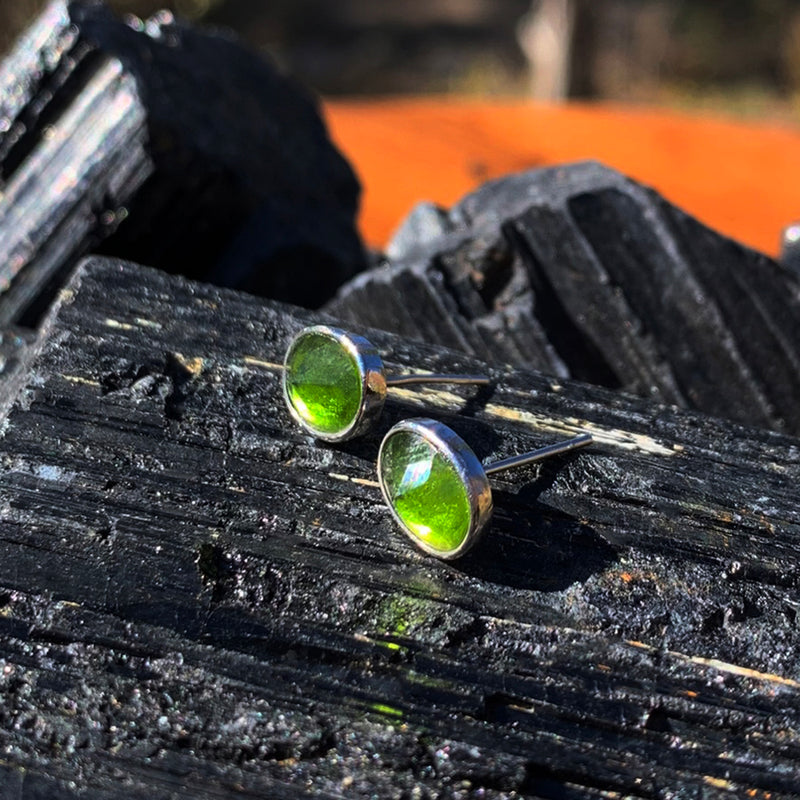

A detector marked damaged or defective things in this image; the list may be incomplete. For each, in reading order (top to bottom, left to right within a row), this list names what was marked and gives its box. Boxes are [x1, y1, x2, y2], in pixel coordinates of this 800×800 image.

charred black wood [0, 0, 366, 328]
charred black wood [1, 260, 800, 796]
burnt timber [1, 260, 800, 796]
charred black wood [328, 162, 800, 438]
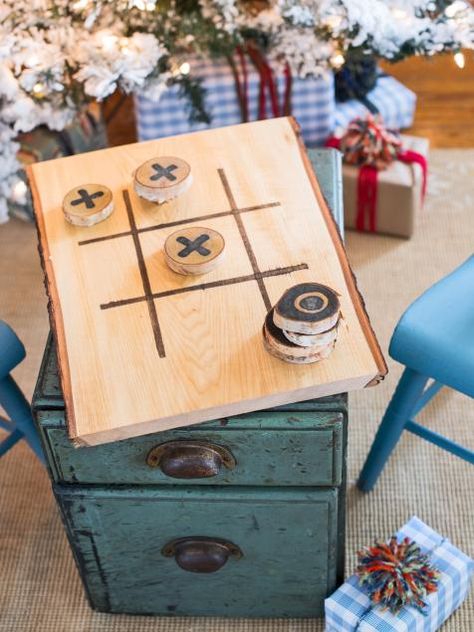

━━━━━━━━━━━━━━━━━━━━━━━━━━━━━━

## Your instructions
In your copy, include no pictures; print every line above exactly.

## Solved problem
A detector marked damaged or defective things in this image; the list may be incomplete. For each, in reading order (top to bottom, left to right within a row), this list names what was marked and gives its box. Boxes are [x1, y1, x2, y2], in pixel coordinates of this 800×800 image.

charred black wood [0, 0, 366, 328]
charred black wood [1, 260, 800, 796]
burnt timber [1, 260, 800, 796]
charred black wood [328, 162, 800, 438]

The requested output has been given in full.